Three Bewildered People in the Night is a 1987 American drama film directed by Gregg Araki in his feature film directorial debut. The film stars Darcy Marta, John Lacques, and Mark Howell. The film follows three characters through the dissolution of a heterosexual relationship and the possible beginning of a gay one.

==Plot==
The film revolves around Alicia, a video artist, her live-in boyfriend Craig, a journalist and frustrated actor, and David, Alicia's best friend and a gay performance artist.

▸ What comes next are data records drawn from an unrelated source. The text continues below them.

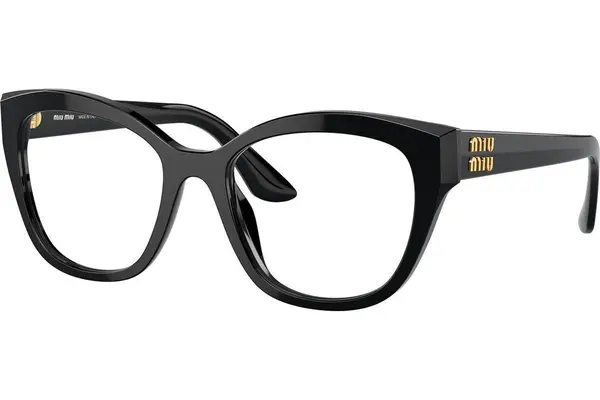 Miu Miu MU05XV 1AB1O1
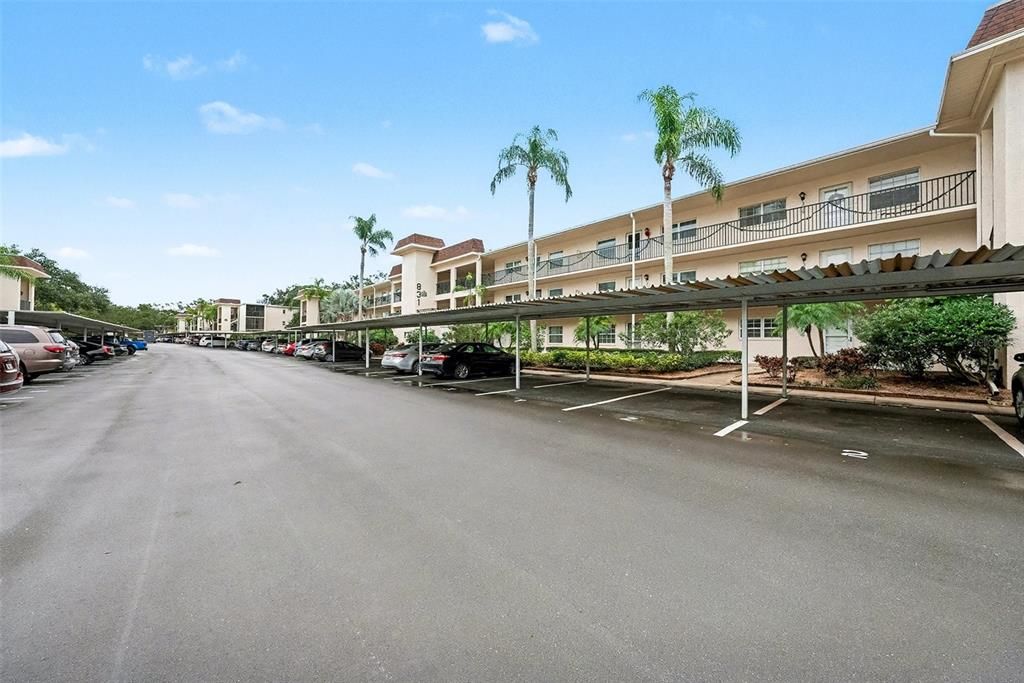 For Sale: $200,000 (2 beds, 2 baths, 1118 Square Feet)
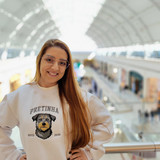 GABRIELA ESTHER BITON RHEINHEIMER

Through a series of telephone calls and coffee shop conversations, Craig and Alicia split up and Craig and David take tentative steps toward a relationship.

==Cast==
- Darcy Marta as Alicia
- John Lacques as Craig
- Mark Howell as David

==Production==
Gregg Araki shot Three Bewildered People in the Night on a budget of $5,000. He shot in black and white using a spring-wound Bolex camera. The film is an example of guerrilla filmmaking, with Araki shooting in unauthorized locations without permits.

==Reception==
Three Bewildered People in the Night won the Bronze Leopard (for technical achievements) and the Critics' Prize (FIPRESCI) at the 1987 Locarno International Film Festival.